Develop a Savings Plan
There are so many things that we teach our children that keep them on the right path throughout life. How to save money is one of the most important lessons that parents teach their children.
There are so many things that we teach our children that keep them on the right path throughout life. How to save money is one of the most important lessons that parents teach their children. Teach your children about finances by opening an account and setting money aside. They’ll learn about patience, interest and saving.
It’s easy to forget, or ignore, the need to save. We all too often are saying that there isn’t enough money to put into savings and we’ll do it later. But if there isn’t enough money to put into savings, is there enough money if there is an emergency. By having a savings plan, you can keep an emergency from destroying your finances.
Savings can be anything from a simple savings account to bonds and retirement plans. You may be saving for emergencies, college, a new home or for retirement. Or even for all of the above! No matter what your goal is, there is a savings plan that will fit your needs. Not all types of savings are going to work for you. You have to find the plan that fits your own personal financial needs.
What makes saving money just a wonderful experience is interest. You aren’t just saving your money, your actually letting it grow. Your money is making more money. How does this work?
When you put money in a savings account, certificate of deposit (CD) or money market account, you are basically lending the money to the bank. The bank will use your money to make loans to other customers. They are borrowing money from you and paying you interest, while someone pays them interest on the money they have borrowed from the bank.
Banks charge higher interest rates on loans so that they can pay your interest, plus make their own profits.
Interest can seem like a complicated math problem, but it isn’t hard to understand. Most banks will talk about both “rate” and “yield.”

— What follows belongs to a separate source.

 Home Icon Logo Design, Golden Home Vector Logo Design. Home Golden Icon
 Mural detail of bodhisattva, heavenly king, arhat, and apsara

For example, a $10,000 CD with a 5% annual interest rate (APR) will also have an annual percentage yield number (APY) that is a higher number. The difference between the APR and the APY depends on how frequently the interest is paid, and in what form.
If the interest is paid annually at a rate of 5%, the $10,000 investment with earn $500. Simply multiply the investment amount by the APR to determine the interest paid. When the interest is paid annually, the rate and yield are the same.
The yield goes up as interest is paid more frequently. The interest begins to earn interest along with the original investment. When the 5% CD is paid twice a year, in six months the interest payment is $250. We figure this by multiplying the original investment by the interest rate for half a year, or 2.5%. The $250 in interest will earn $6.25 in interest over the next six months, adding $256.25 at the next six month mark. Compound interest is starting to take over.
In the first scenario, the CD earned $500 in interest in one year. The rate and yield is at 5%. The second CD earned $506.25. The rate is still at 5%, but the yield has increased to 5.06%. It may not seem like a lot, but over time it keeps building up. When shopping around for savings plans, look at both rates and yields.